As I said, this was not a decision that was taken lightly, but I can say that these decisions are based on science. If we look back to what happened to the cod fishery in Newfoundland, we should have been making more decisions based on science. We cannot just look after today.

I know that this is causing a lot havoc for a lot of people and they are trying to cope.

I can tell the hon. member that last October the federal government transferred labour market agreement and labour market development agreement funds to the province and it has the flexibility to assist the people who are currently out of work.

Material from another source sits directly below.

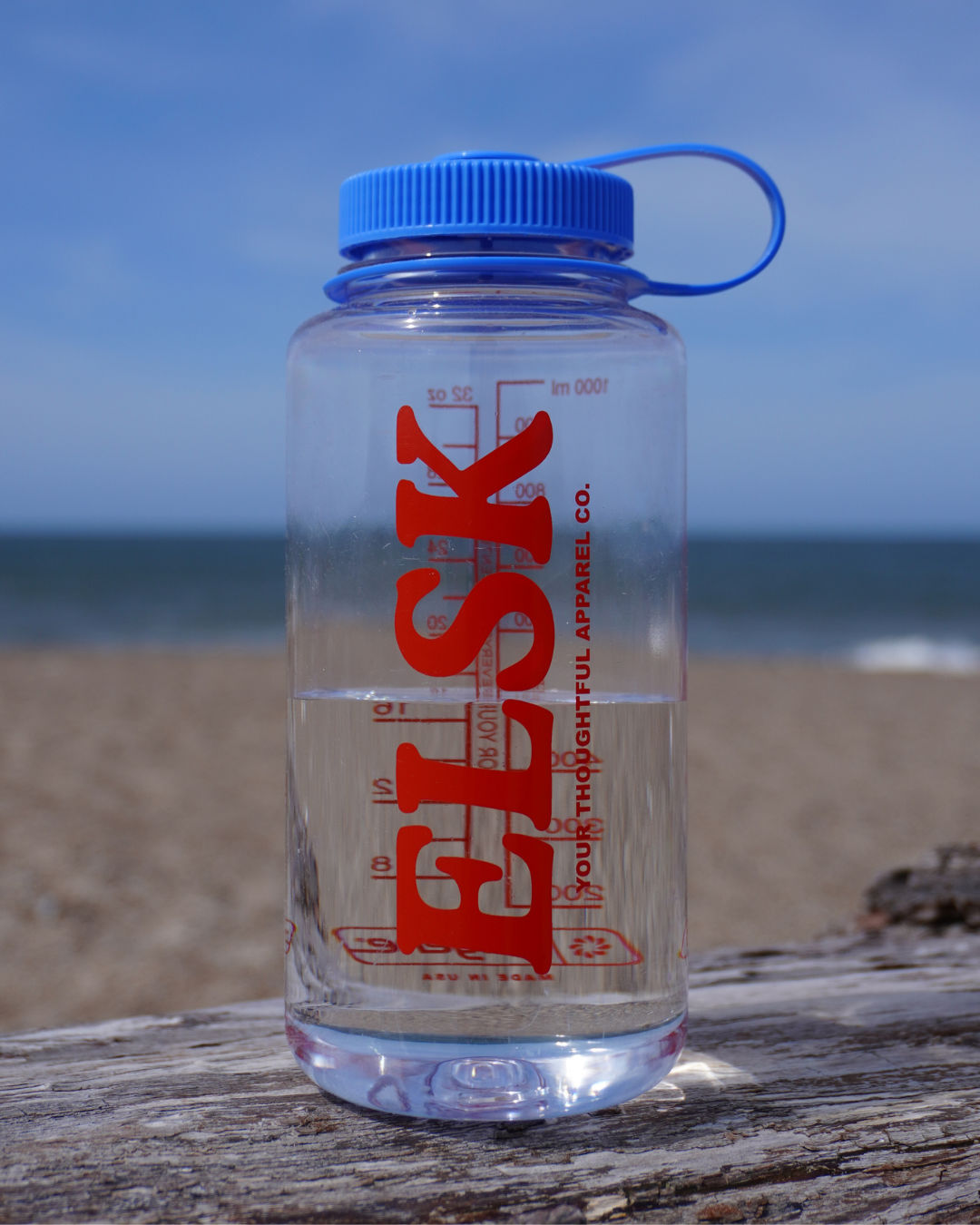 Nalgene 1L Wide Mouth Bottle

There is not a big crab processing sector on Prince Edward Island, but some people no doubt will be affected. We have talked to many of the financial institutions. In a lot of cases, provinces are financing enterprises and they have been flexible in their repayment terms because they realize that people are seeing some hard times in this fishery sector.

ATLANTIC SHELLFISH INDUSTRY
Government Orders

6:40 p.m.

Bloc

Raynald Blais Gaspésie—Îles-de-la-Madeleine, QC

Madam Chair, I can see that the minister cares and that she is sincere. But this is a case of once bitten, twice shy. There was a program to support the lobster fishery, but the money spent added up to barely 60% of the expected amount. Either the criteria or the planning fell short, or both.

The crab fishery is in crisis, and that is affecting fishers, their helpers, factory workers and communities. Let us not forget that the quota was cut by 63%. That percentage applies to Quebec's economy and all affected maritime provinces. I had an opportunity to ask several questions about that. The answers that I have received to date suggest that there is no government assistance plan. This is happening now. It started several days ago—several weeks even. It is almost over. Plant workers are in danger of losing their jobs over the next few days, perhaps this weekend.

How does the government plan to help the helpers and plant workers who are feeling the effects of this crisis? I have not heard the federal government say anything about a plan to help these people.